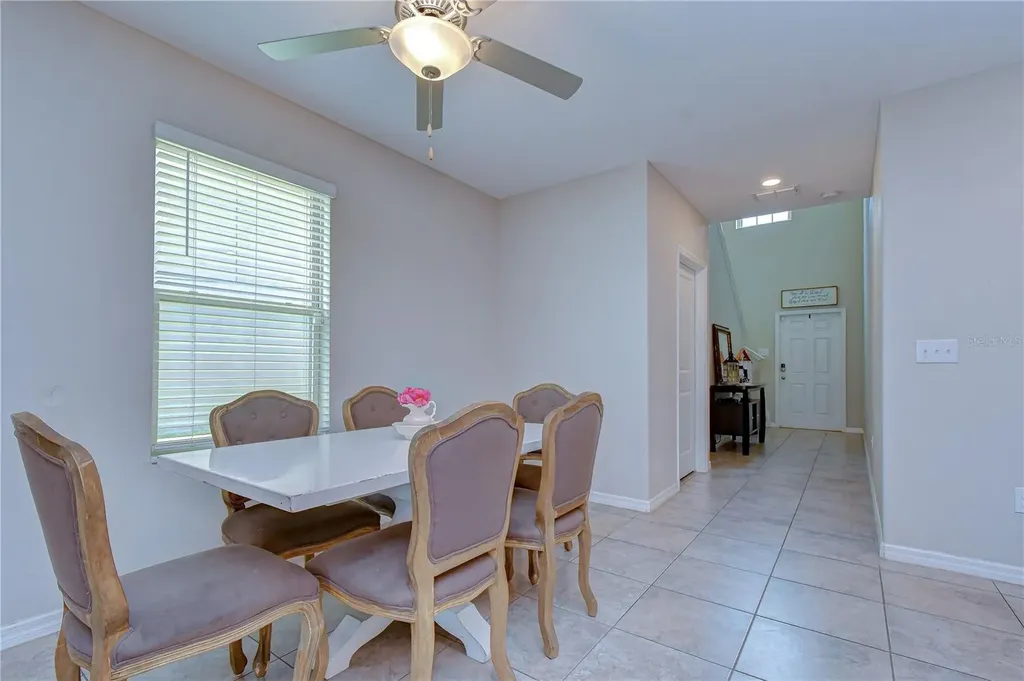 4321 Globe Thistle Drive Tampa FL 33619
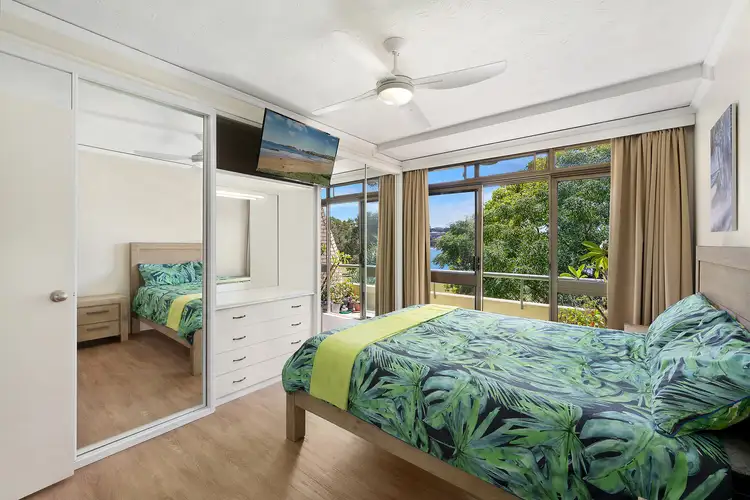 Sixth view of Homely apartment listing, 6/19 Namitjira Place, Ballina NSW 2478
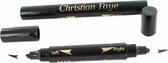 Christian Faye DUO Wingliner Stamp  1,3gr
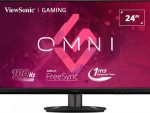 ViewSonic Omni VX2416 24 Inch 1080p 1ms 100Hz Gaming Monitor with IPS Panel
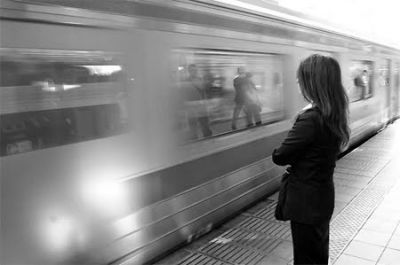 Il Salto Del Tempo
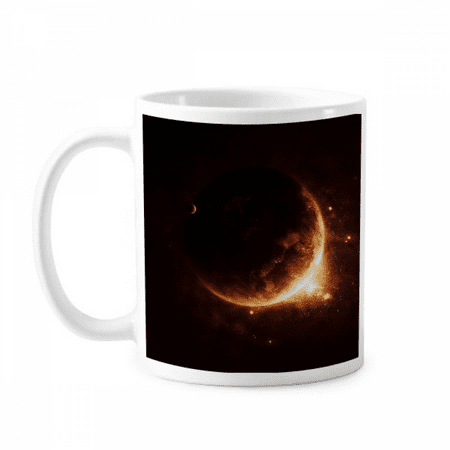 

en shining universe illustration pattern mug pottery cerac coffee porcelain cup tableware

========================

--- Exercise brief ---
Exactly the lines from the line containing "Il Salto Del Tempo" to the end of the records need to be copied, both ends included, with pictures left out.

--- Problem solution ---
 Il Salto Del Tempo

en shining universe illustration pattern mug pottery cerac coffee porcelain cup tableware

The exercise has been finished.